(Scraped caption text data)
──────
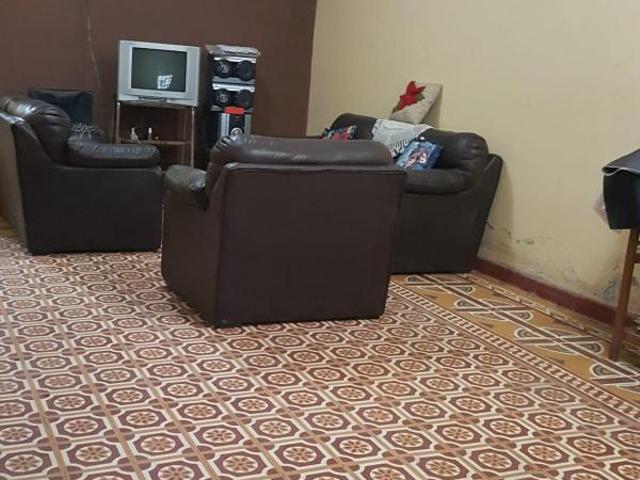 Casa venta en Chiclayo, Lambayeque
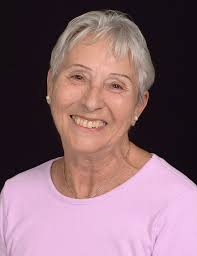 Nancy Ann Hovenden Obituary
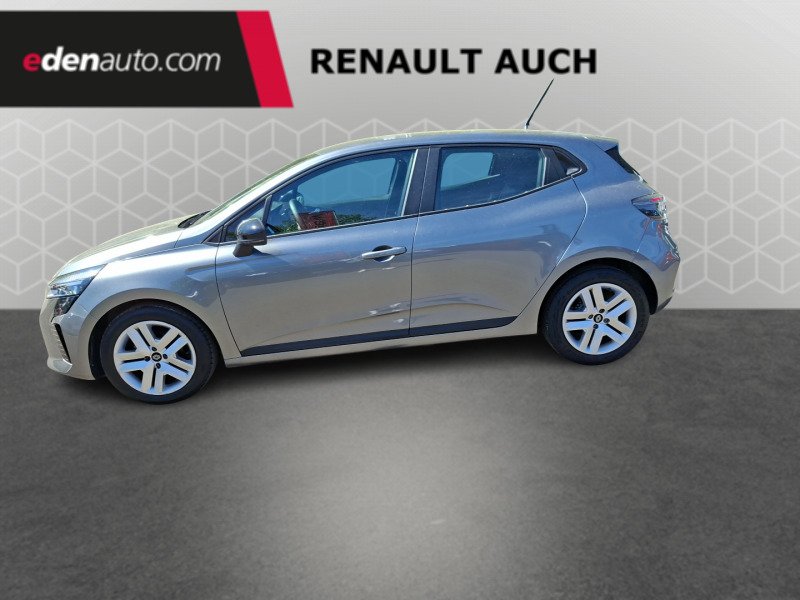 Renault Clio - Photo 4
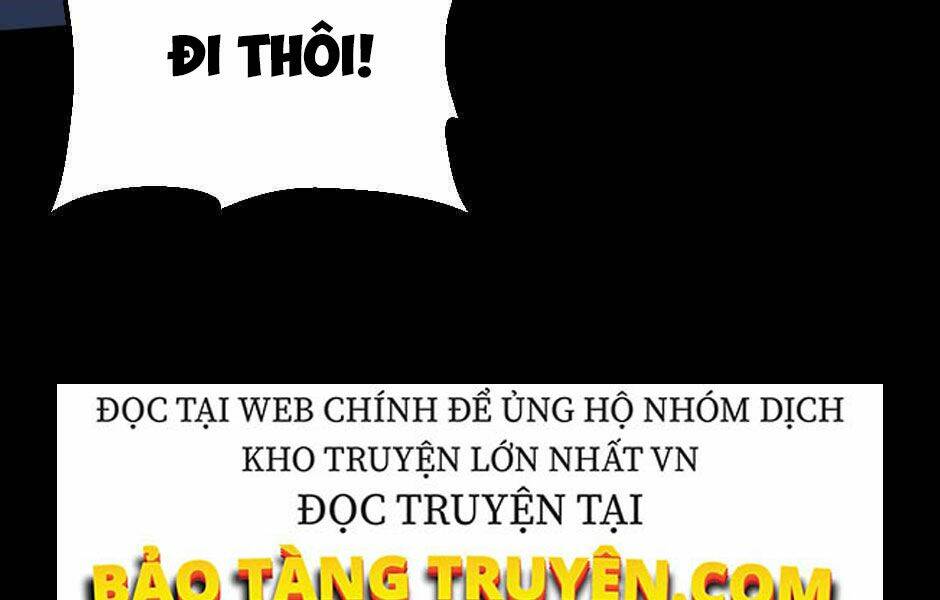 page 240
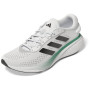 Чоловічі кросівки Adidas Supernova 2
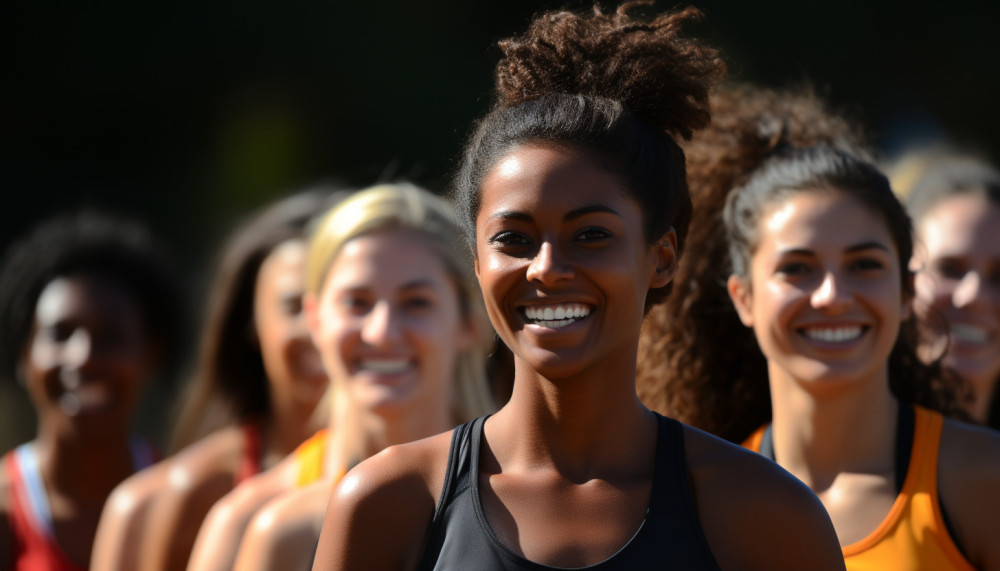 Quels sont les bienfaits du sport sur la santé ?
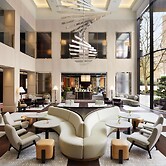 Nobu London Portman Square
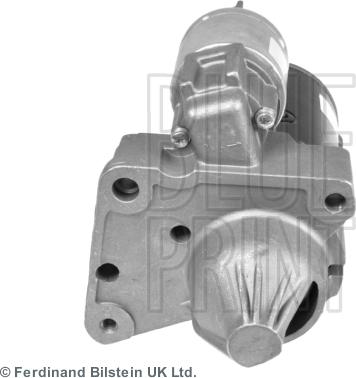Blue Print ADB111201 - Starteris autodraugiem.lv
──────
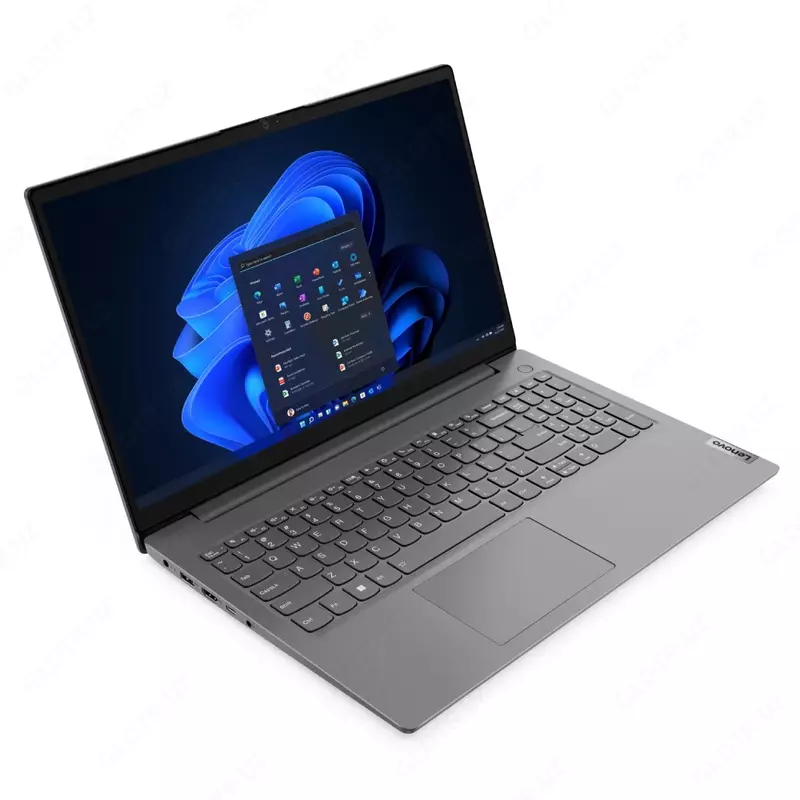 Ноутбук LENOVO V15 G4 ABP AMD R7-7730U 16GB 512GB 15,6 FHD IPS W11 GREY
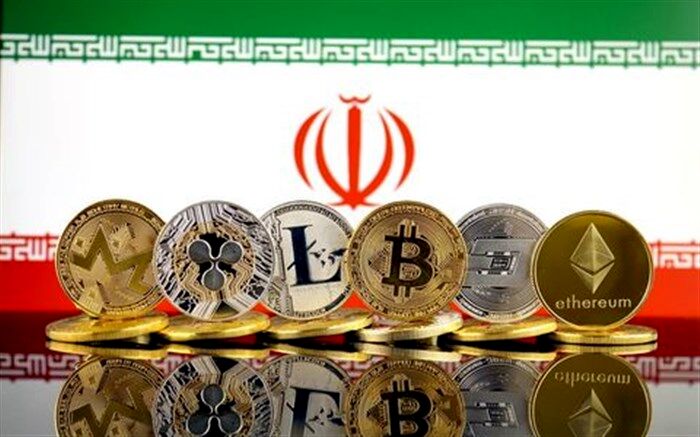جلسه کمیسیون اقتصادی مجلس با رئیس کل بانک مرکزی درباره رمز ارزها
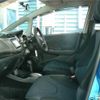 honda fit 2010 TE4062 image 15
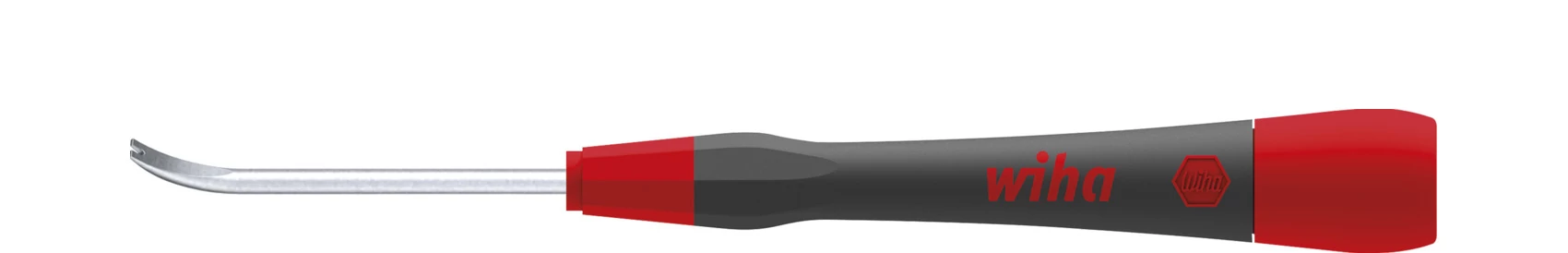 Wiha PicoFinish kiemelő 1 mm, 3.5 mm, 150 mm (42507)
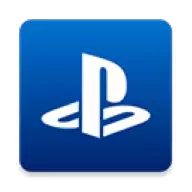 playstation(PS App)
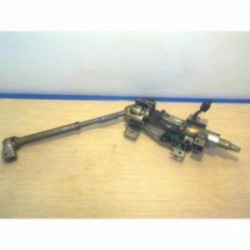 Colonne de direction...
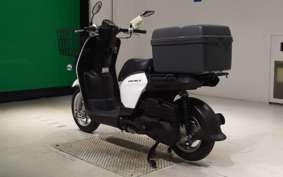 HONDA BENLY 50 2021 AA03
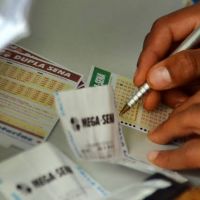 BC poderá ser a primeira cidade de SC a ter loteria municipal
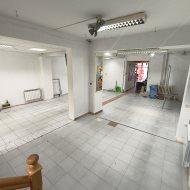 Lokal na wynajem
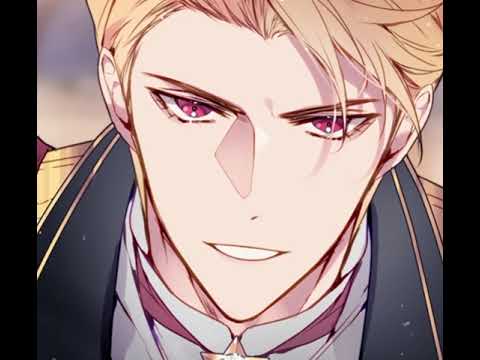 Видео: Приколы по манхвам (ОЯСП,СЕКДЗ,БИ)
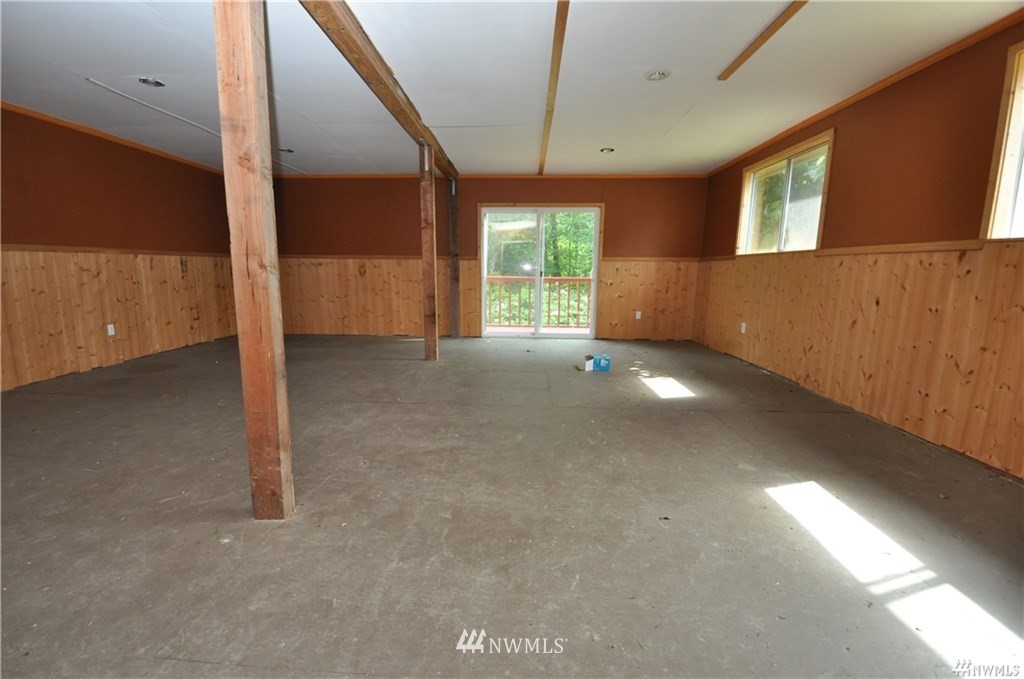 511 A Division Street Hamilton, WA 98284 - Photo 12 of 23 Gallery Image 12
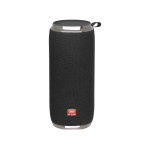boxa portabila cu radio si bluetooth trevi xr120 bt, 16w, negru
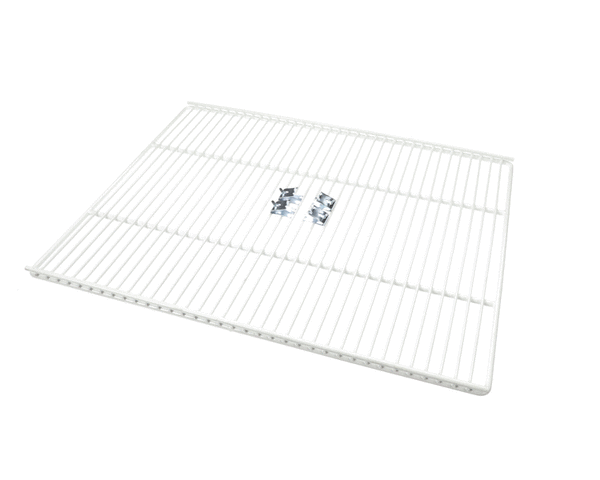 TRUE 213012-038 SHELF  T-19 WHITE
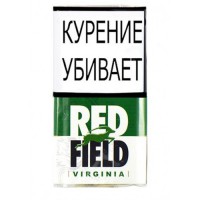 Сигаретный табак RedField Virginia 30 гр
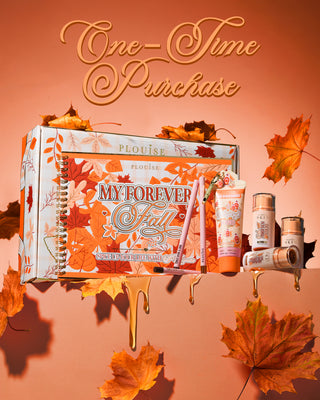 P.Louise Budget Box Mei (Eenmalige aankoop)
──────
Work item >> Leave out the images and write out the lines above exactly, from the one with "TRUE 213012-038 SHELF" up to and including the one with "P.Louise Budget Box Mei (Eenmalige aankoop)".

Solution for this exercise >>
 TRUE 213012-038 SHELF  T-19 WHITE
 Сигаретный табак RedField Virginia 30 гр
 P.Louise Budget Box Mei (Eenmalige aankoop)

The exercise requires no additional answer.